In the end, I suppose this all extends from how I view video games as a whole. Much like how someone who likes doing crosswords or solving math problems in their spare time, I prefer to think of most video games – or at least the ones I enjoy – as puzzles, challenges to be solved and completed. As such, I like winning at video games with seemingly no rhyme or reason behind it as much as a mathematician would enjoy solving a math problem by just guessing the answer at random or a crossword enthusiast would like solving a puzzle by just writing the letter Z everywhere. For me, there needs to be a logic behind any achievements or victory: if I’m just going to randomly win based on nothing, I don’t really see much of a point in putting any form of input into it. I might as well just be watching a Let’s Play at that point – how much of a difference is there between watching someone play through a video game and playing through it yourself when it almost feels like victory is assured from the beginning? I’m afraid I can’t get much out of a game if there’s no struggle, nothing to strive for, no challenge to overcome. At that point, I feel like I might as well be watching a movie. If it feels like I don’t need to earn whatever victory condition is set before me, even in the most rudimentary way, it just ends up feeling patronizing and turns me off.

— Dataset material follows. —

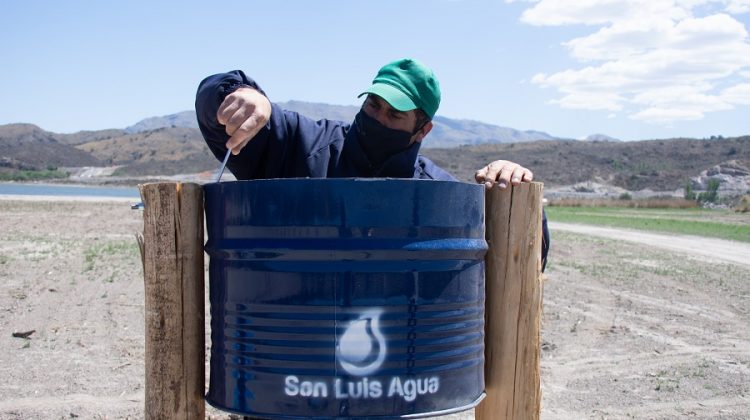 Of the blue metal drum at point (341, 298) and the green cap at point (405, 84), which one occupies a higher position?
the green cap at point (405, 84)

You’d probably expect this opinion of mine to manifest into a hatred of the trend of “hand-holding” in modern game design. Honestly, you’d be wrong. The thing is that, even at its most blatant, hand holding shows the player everything they need to do. Outside of the most extreme cases, it doesn’t just automatically win the game for them. Even in those rare cases, there’s usually some kind of a caveat, even outside of my own personal “you’re only cheating yourself” perspective. Maybe it doesn’t actually count the stage as beaten, like the Super Guide in various Nintendo platformers: putting a little asterisk there to twist the knife and remind the player to go back and complete the level when their skills have improved to the point where they can do it without help. I’m not going to lie, there are times where forced “hand-holding” is detrimental to game design, but I can’t recall any case where it outright tears out a victory condition and replaces it with “yeah, sure, whatever”. Frankly, I find that way more annoying than every arrow pointing towards the next objective or any sidekick whose sole purpose is to constantly reminds players of various things they either learned in the tutorial or just instinctively knew in the first place.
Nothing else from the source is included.